Demographers blame rising incivility and crime, as well as skyrocketing prices, for the movement of 20,000 African Americans, one-quarter of their previous population, out of The City in the last decade. And for all races, elements of class and and an inherent mistrust of strangers can lead to rudeness or misunderstandings.

Some say San Francisco's unique blend of nonconformist behavior sometimes means ignoring the laws and rules that allow a city to operate smoothly.

"Rudeness is brought on by frustration, higher densities, uncomfortable weather, a lot of traffic, and also because all of us know that when we haven't had our nap, we get rude," says Thompson.

Homebodies

Meanwhile, the some 2 million of us who live or work in The City sometimes feel that the only way to avoid rude commuters is to stay home.

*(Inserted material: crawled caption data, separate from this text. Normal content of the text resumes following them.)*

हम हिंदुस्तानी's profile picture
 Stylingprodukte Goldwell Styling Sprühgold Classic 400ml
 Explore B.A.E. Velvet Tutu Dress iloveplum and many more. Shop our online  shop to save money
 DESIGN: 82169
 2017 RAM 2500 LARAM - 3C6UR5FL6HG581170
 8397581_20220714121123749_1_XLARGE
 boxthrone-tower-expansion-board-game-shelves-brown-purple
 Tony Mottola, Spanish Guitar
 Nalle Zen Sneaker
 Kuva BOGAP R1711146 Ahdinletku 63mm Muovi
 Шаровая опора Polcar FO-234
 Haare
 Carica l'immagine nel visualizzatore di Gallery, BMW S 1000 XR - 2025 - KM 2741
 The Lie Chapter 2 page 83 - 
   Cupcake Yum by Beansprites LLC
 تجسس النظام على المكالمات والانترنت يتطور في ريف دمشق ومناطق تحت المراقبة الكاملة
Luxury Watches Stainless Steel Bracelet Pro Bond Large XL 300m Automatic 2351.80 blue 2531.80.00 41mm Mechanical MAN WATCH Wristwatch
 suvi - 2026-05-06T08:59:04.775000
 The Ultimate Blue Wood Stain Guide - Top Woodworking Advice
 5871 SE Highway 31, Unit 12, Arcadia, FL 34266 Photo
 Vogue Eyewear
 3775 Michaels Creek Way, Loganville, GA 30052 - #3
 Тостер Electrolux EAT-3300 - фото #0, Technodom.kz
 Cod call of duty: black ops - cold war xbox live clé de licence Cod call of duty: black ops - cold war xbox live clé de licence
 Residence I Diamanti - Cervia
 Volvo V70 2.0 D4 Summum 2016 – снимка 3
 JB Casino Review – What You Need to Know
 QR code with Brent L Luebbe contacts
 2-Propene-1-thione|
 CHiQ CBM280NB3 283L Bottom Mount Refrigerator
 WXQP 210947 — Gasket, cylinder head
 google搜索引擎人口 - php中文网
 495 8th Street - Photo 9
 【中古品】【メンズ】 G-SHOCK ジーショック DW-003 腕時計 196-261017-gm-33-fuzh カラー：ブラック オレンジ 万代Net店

"If you drive, the roads are all clogged. If you take the trains, you can't get a seat. And if you ride your bike or walk, you are likely to get whacked," said Rich Allen, an exasperated commuter who nevertheless practices all three forms of torture.

It's no better once we get to the office. Computers, already a common conversational tool, will soon overtake the voice as the primary form of communication in businesses, says Mirza. The more we use machines to do our communicating, the worse we will become at understanding how to interact with others, she says, which will lead to even more rudeness.

Still, even though San Francisco may grow more boorish, most believe bad manners are a relatively minor irritant in a city with unacceptable levels of violent crime. Eventually, these optimists say, we will either all kill each other, or our closer quarters and enforced downsizing will lead us to follow more rules -- if we can agree on new ones.

"Etiquette has rules to be followed just like golf, tennis or traffic law," said Mirza. "The difference is the rules change as we evolve."

World of difference

And before you give up on us and consider relocating your business, emigrating abroad, or moving to some low-density Midwest capital, take a look at Asia. If San Francisco had highrises and was as densely populated as Hong Kong, the entire Bay Area population of 7 million could fit into one-quarter of the city, said Jim Chappell, president of the San Francisco Planning and Urban Research Association.

Western visitors to China, Japan and Vietnam, among the countries with the highest population-to-land rates in the world, often are amazed at how people get along while living on top of one another.

Granted, there is less personal space than here. In China it is not considered rude to inquire about one's salary, scold neighbors for poor child upbringing, or tie up traffic by gathering at the scene of an accident.

But as most Bay Area commuters know, accident rubbernecking is now de rigeur. We have Web sites that have "invaded" the once-taboo area of industry salaries, pinpointing executive, creative and technical workers with remarkable accuracy. And China certainly has no monopoly on educational moralizing.

One answer to the future of rude behavior can be found in the densely-packed Chinese capital of Beijing. An enterprising company specializes in issuing apologies on behalf of Beijing residents who are too ashamed to do it themselves. Business is way up.

If it's looking to expand, San Francisco could be an ideal location.